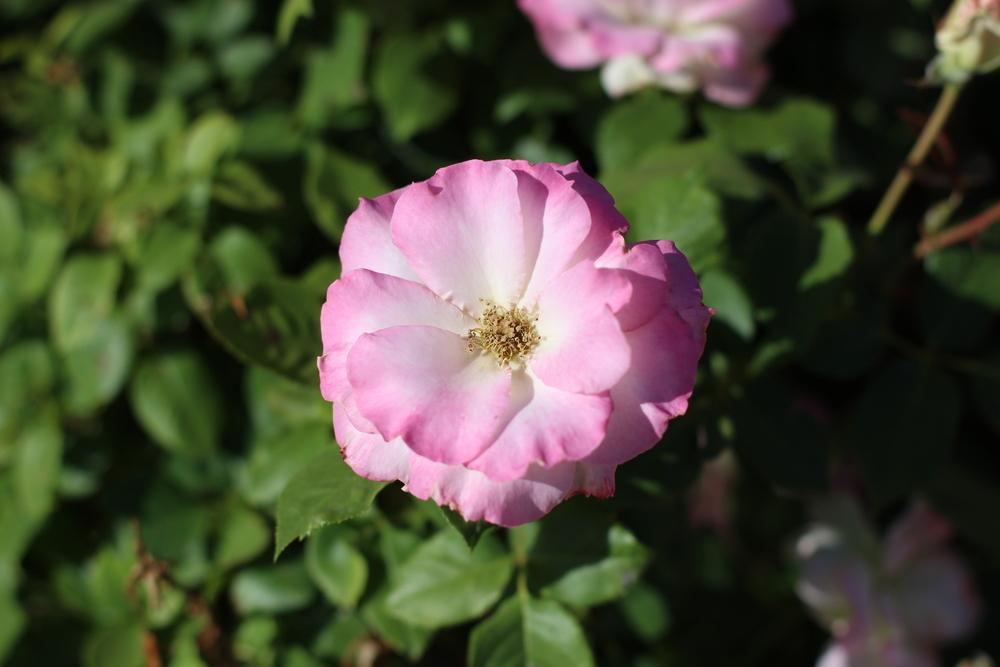 Photo of Rose (Rosa 'Charles Aznavour') uploaded by dave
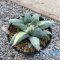 Ariocarpus retusus variegated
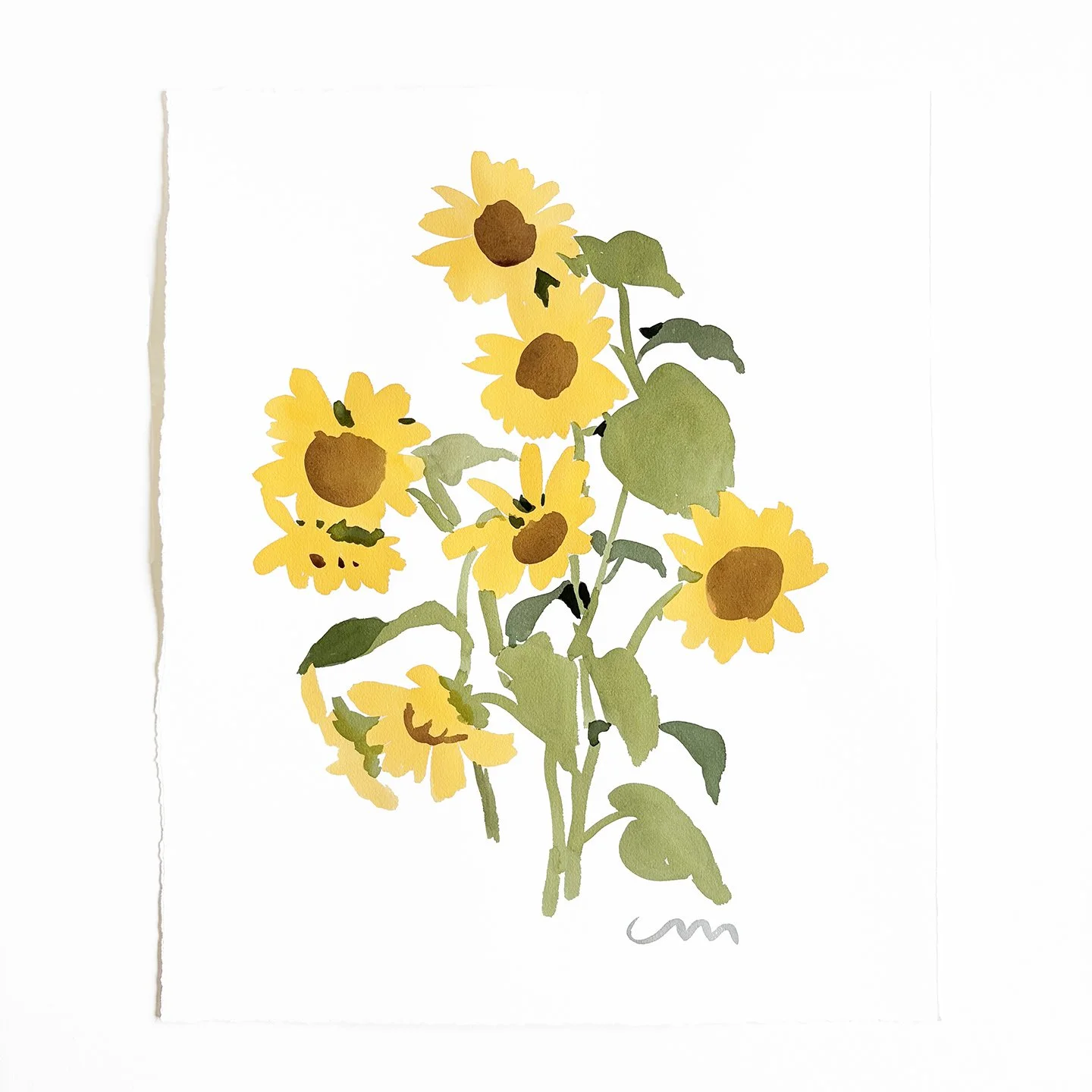 shop_sunflower3.jpg
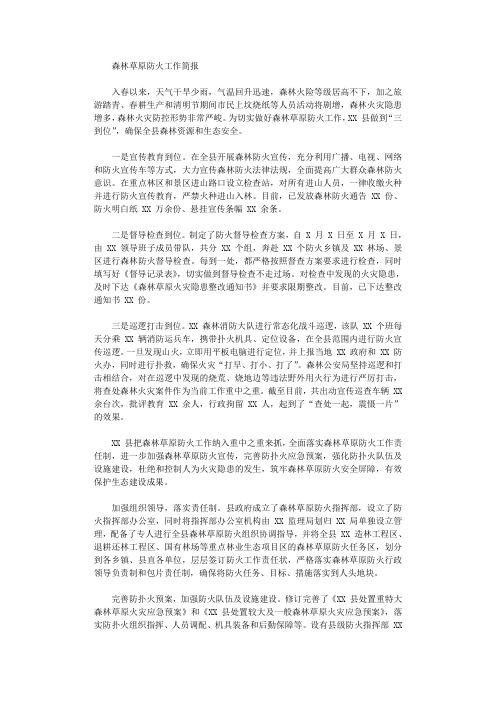 2021森林草原防火工作简报(例文)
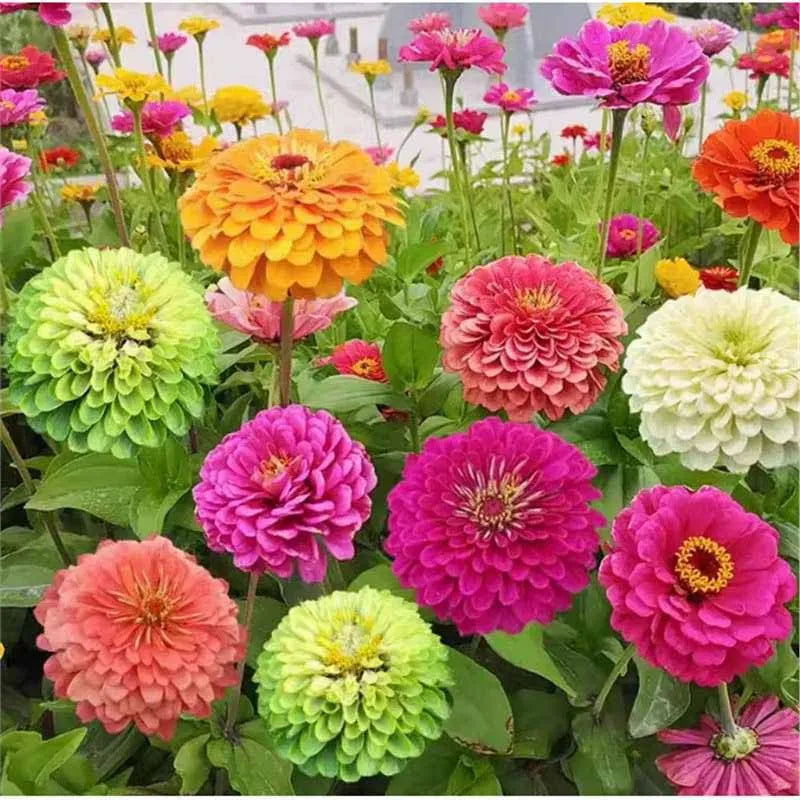 Daisy Seeds | 10 Grams Per Bag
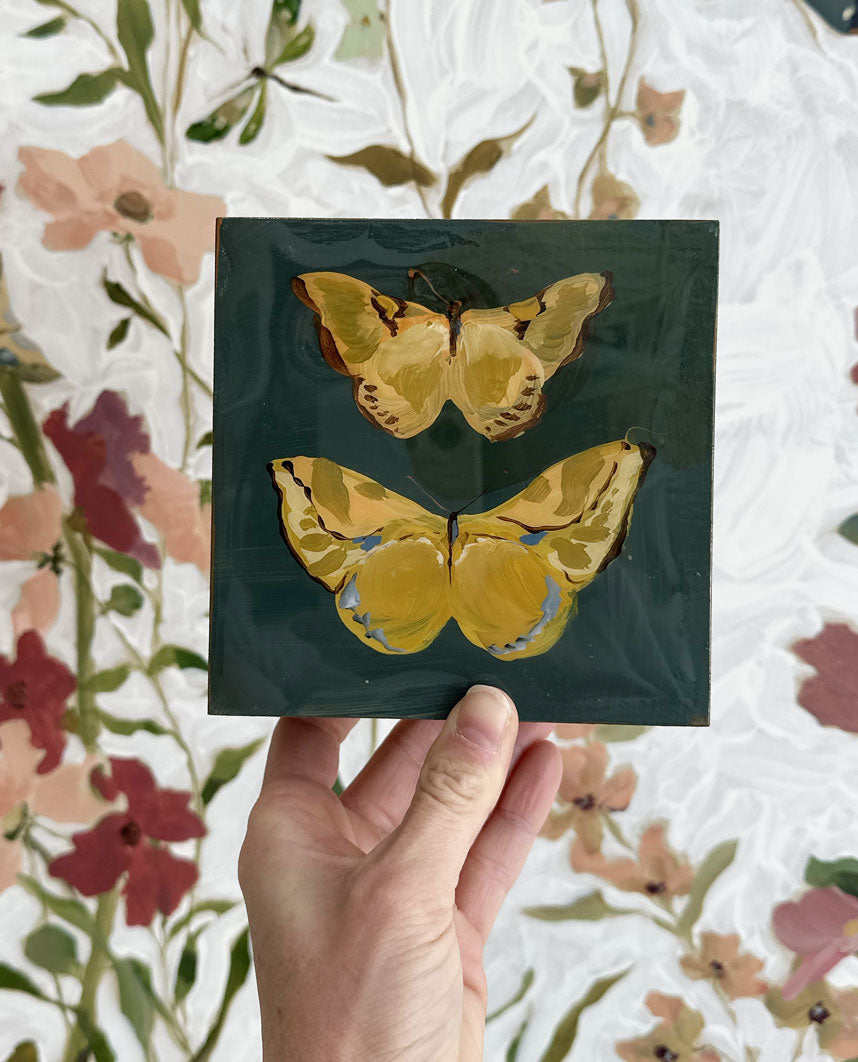 Butterfly Candy No. 9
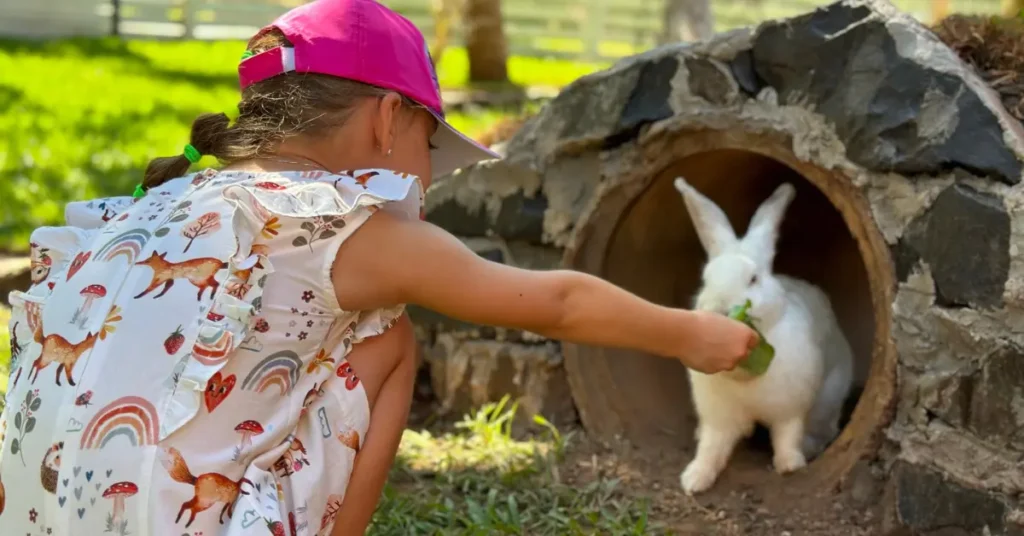 capa do blog: ecoelhos no zoo park foz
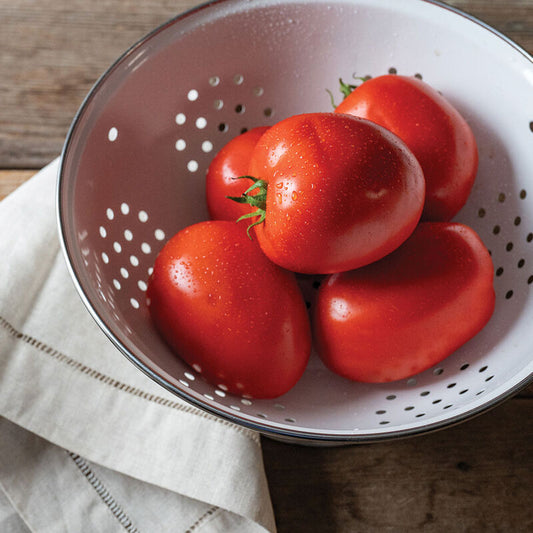 Kuzco - Tomato Plant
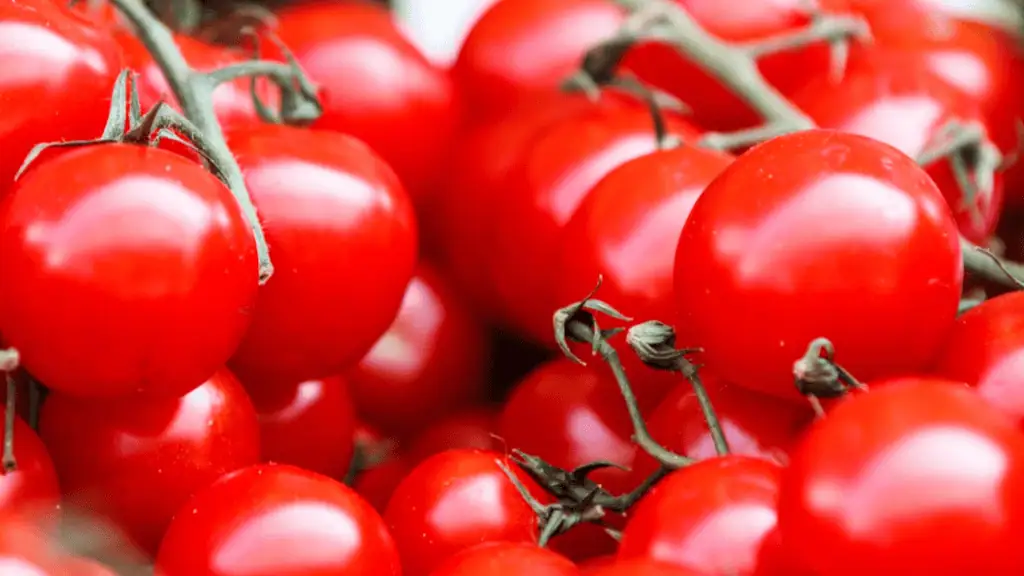 Tomatoes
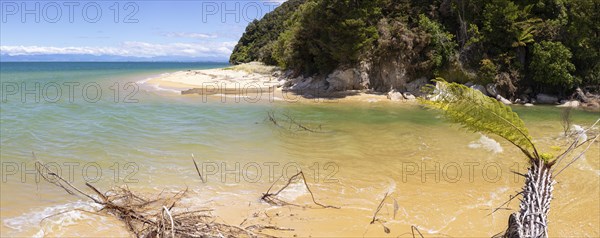 Abel Tasman Coast Track, Apple Tree Bay, Beach, Kaiteriteri, New Zealand, Oceania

+++++

● Task to complete: Please retype the lines from the one that contains "capa do blog: ecoelhos no zoo park foz" to the final line of the records, both included, exactly as written and without any pictures.

● Your response:
 capa do blog: ecoelhos no zoo park foz
 Kuzco - Tomato Plant
 Tomatoes
 Abel Tasman Coast Track, Apple Tree Bay, Beach, Kaiteriteri, New Zealand, Oceania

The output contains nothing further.